The model quantizer save the quantized model model at output_model_path

from quark.onnx import ModelQuantizer
# Create an ONNX Quantizer
quantizer = ModelQuantizer(config)

# Quantize the ONNX model
quant_model = quantizer.quantize_model(model_input = input_model_path, 
                                       model_output = output_model_path, 
                                       calibration_data_path = None)

Model Size

Print the original and quantized models.

print("Model Size:")
print("Float32 model size: {:.2f} MB".format(os.path.getsize(input_model_path)/(1024 * 1024)))
print("Int8 quantized model size: {:.2f} MB".format(os.path.getsize(output_model_path)/(1024 * 1024)))

Model Evaluation

Print the original and quantized models accuracy

from utils import evaluate_onnx_model  

print("Model Accuracy:")
top1_acc, top5_acc = evaluate_onnx_model(input_model_path, imagenet_data_path='calib_data')
print("Float32 model accuracy: Top1 {:.3f}, Top5 {:.3f} ".format(top1_acc, top5_acc))
top1_acc, top5_acc = evaluate_onnx_model(output_model_path, imagenet_data_path='calib_data')
print("Int8 quantized model accuracy: Top1 {:.3f}, Top5 {:.3f} ".format(top1_acc, top5_acc))
top1_acc, top5_acc = evaluate_onnx_model(output_model_path, imagenet_data_path='calib_data', device='npu')
print("Int8 quantized model accuracy (NPU): Top1 {:.3f}, Top5 {:.3f} ".format(top1_acc, top5_acc))

Accuracy Summary

Quantize and Evaluation the top1 and top5 accuracy of the models on ImageNet validation dataset using the quark_quantize.py script.

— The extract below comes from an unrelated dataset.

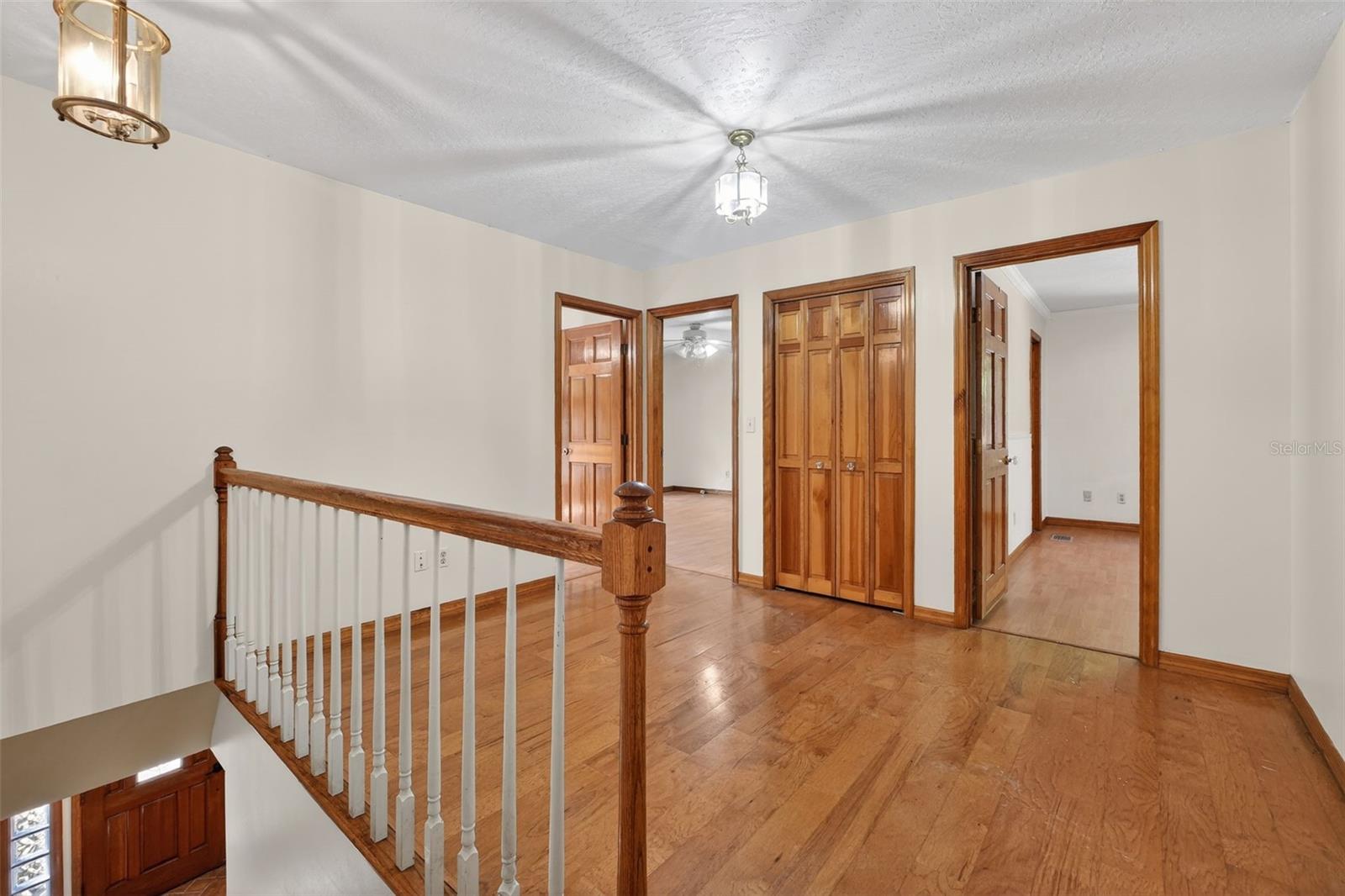 3380 LIONEL RD, MIMS, FL, 32754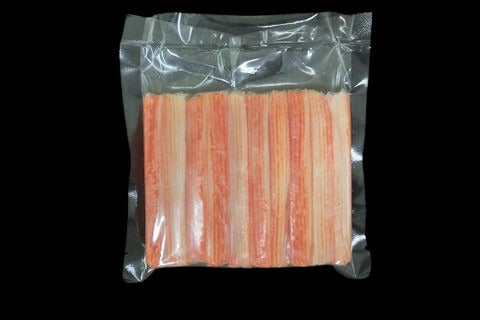 Kanikamaboko Osaki  10pcs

python quark_quantize.py --quantize --evaluate

ResNet50: Using XINT8 configuration

ResNet50 Model Size Top-1 Accuracy Top-5 Accuracy
Float 32 97.41 MB 80.0% 96.1%
INT8 (CPU) 24.46 MB 78.1% 95.6%
INT8 (NPU) 24.46 MB 77.4% 95.2%

Run model on CPU

quant_model = onnx.load(output_model_path)
provider = ['CPUExecutionProvider']

session = ort.InferenceSession(quant_model.SerializeToString(), providers=provider)
input_data = preprocess_image('test_image.jpg')
# run the model in onnxruntime session
outputs = session.run(None, {session.get_inputs()[0].name: input_data})
predicted_class = np.argmax(outputs[0])
print('CPU quantized outputs:')
print(predicted_class)

Run model on NPU

quant_model = onnx.load(output_model_path)
provider = ['VitisAIExecutionProvider']
cache_dir = Path(__file__).parent.resolve()
print(cache_dir)
provider_options = [{
                'config_file': 'vaip_config.json',
                'cacheDir': str(cache_dir),
                'cacheKey': 'modelcachekey'
            }]

session = ort.InferenceSession(quant_model.SerializeToString(), providers=provider,
                               provider_options=provider_options)

input_data = preprocess_image('test_image.jpg')
outputs = session.run(None, {session.get_inputs()[0].name: input_data})
predicted_class = np.argmax(outputs[0])
print('NPU quantized outputs:')
print(predicted_class)

Inference Performance

Evaluate the inference performance of the float and quantized models on CPU and NPU

python quark_quantize.py --quantize --evaluate --benchmark
ResNet50 Model Size Top-1 Accuracy Top-5 Accuracy Inference Time
Float 32 97.41 MB 80.0% 96.1% 10.70 ms
INT8 (CPU) 24.46 MB 78.1% 95.6% 34.45 ms
INT8 (NPU) 24.46 MB 77.4% 95.2% 5.74 ms

Advancted Quantization Tools

While the default quantization configurations work well for many popular models, more sophisticated models might experience a decline in accuracy due to errors introduced during the quantization process. To address this, Quark APIs offer advanced tools to help recover lost accuracy. Some of these tools are highlighted in the Advanced Quantization Tools tutorial.